Why does this have to be concluded?
Surely something can only be 'not me' in opposition to a 'me'. That's how language works.
This isn't about replacing one conclusion with another conclusion (insert 'belief' for conclusions)
In fact it's worth considering very carefully where the conclusion 'everything is not me' will lead to. Here is a hint, that's not a fun place to land.
I mean: I can conclude that everything I find is 'not me' in the same way I can conclude everything I find is 'not Santa'; one doesn't have to presuppose that Santa actually exists in order to say everything is 'not Santa'. Same with the self. In this case, I am starting with the belief 'there is me and there is stuff which is not me', and I am finding that everything I look at is 'not me'.
What's the difference between 'no self' and 'everything is not me'? As far as I can tell these would be the same thing. Ie: 'no Santa' and 'everything is not Santa' are the same thing, also.
Let's reframe this a bit. Raise your hand and touch the wall.
What is the difference in experience between 'hand' and 'wall'.
Get very specific here.
Well ... I would say I can feel the hand and the wall. I feel the hand in a kind of tingling where the hand is, and I can also feel the cold air around my hand - so I would say there was a sensation of coldness - and I feel the wall as a kind of pressure or resistance. Furthermore, I would say that the feeling of tingling is somehow adjacent to the feeling of pressure/resistance, and also the feeling of coldness of the air. As a matter of fact, the tingling is sandwiched between the pressure on one side and the coldness on the other. I can also feel the coldness between my outspread fingers which helps me feel the shape of my hand (the pattern of coldness reveals the shape of the hand).

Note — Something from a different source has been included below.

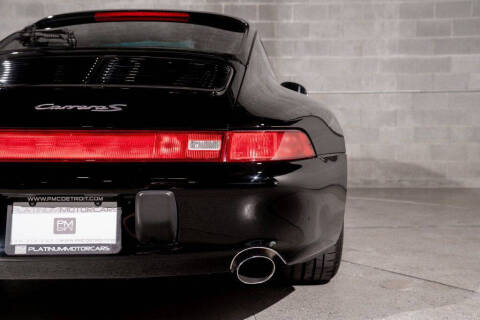 1997 Porsche 911 Carrera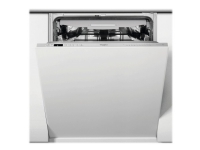 PowerClean WKCIO 3T133 PFE - Oppvaskmaskin - innebygd - Nisje - bredde: 60 cm - dybde: 56 cm - høyde: 82 cm - sølv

The only sense in which I experience the wall is in that pressure/resistance. I think I experience the hand not only in the tingling, but also in the feeling of pressure/resistance. I mean ... I know my hand is there because of the pressure/resistance as much as I know that the wall is there because of the pressure/resistance. (I wouldn't be able to feel the wall unless my hand was there, so the feeling of the wall implies the hand, and this is one of the ways in which I experience the hand.)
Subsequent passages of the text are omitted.